Zanca Dario, Melacci Stefano, Gori Marco
IEEE Trans Pattern Anal Mach Intell. 2020 Dec;42(12):2983-2995. doi: 10.1109/TPAMI.2019.2920636. Epub 2020 Nov 3.
The understanding of the mechanisms behind focus of attention in a visual scene is a problem of great interest in visual perception and computer vision. In this paper, we describe a model of scanpath as a dynamic process which can be interpreted as a variational law somehow related to mechanics, where the focus of attention is subject to a gravitational field. The distributed virtual mass that drives eye movements is associated with the presence of details and motion in the video. Unlike most current models, the proposed approach does not estimate directly the saliency map, but the prediction of eye movements allows us to integrate over time the positions of interest. The process of inhibition-of-return is also supported in the same dynamic model with the purpose of simulating fixations and saccades. The differential equations of motion of the proposed model are numerically integrated to simulate scanpaths on both images and videos. Experimental results for the tasks of saliency and scanpath prediction on a wide collection of datasets are presented to support the theory. Top level performances are achieved especially in the prediction of scanpaths, which is the primary purpose of the proposed model.

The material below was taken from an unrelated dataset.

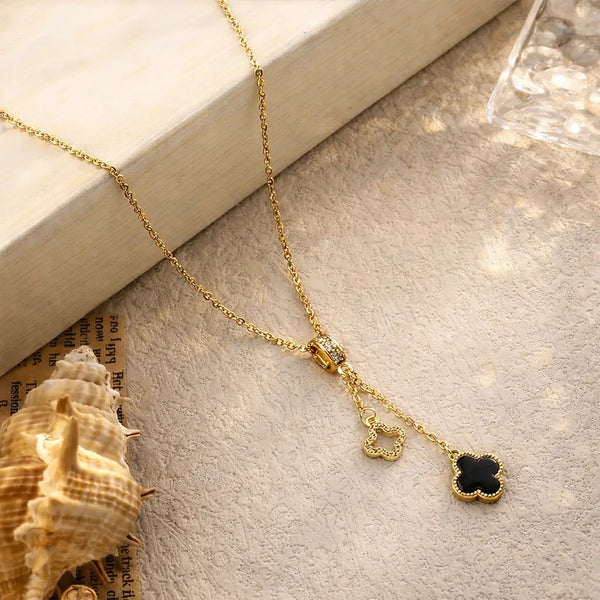 Evergreen Clover Hanging Gold & Black Necklace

理解视觉场景中注意力焦点背后的机制是视觉感知和计算机视觉领域一个极具研究兴趣的问题。在本文中,我们将扫视路径描述为一个动态过程的模型,该过程可以被解释为某种与力学相关的变分定律,其中注意力焦点受到引力场的作用。驱动眼球运动的分布式虚拟质量与视频中细节和运动的存在相关联。与大多数当前模型不同,所提出的方法并不直接估计显著图,但对眼球运动的预测使我们能够随着时间的推移整合感兴趣的位置。在同一个动态模型中也支持返回抑制过程,以模拟注视和扫视。对所提出模型的运动微分方程进行数值积分,以模拟图像和视频上的扫视路径。给出了在大量数据集上进行显著性和扫视路径预测任务的实验结果,以支持该理论。特别是在扫视路径预测方面取得了顶级性能,这是所提出模型的主要目的。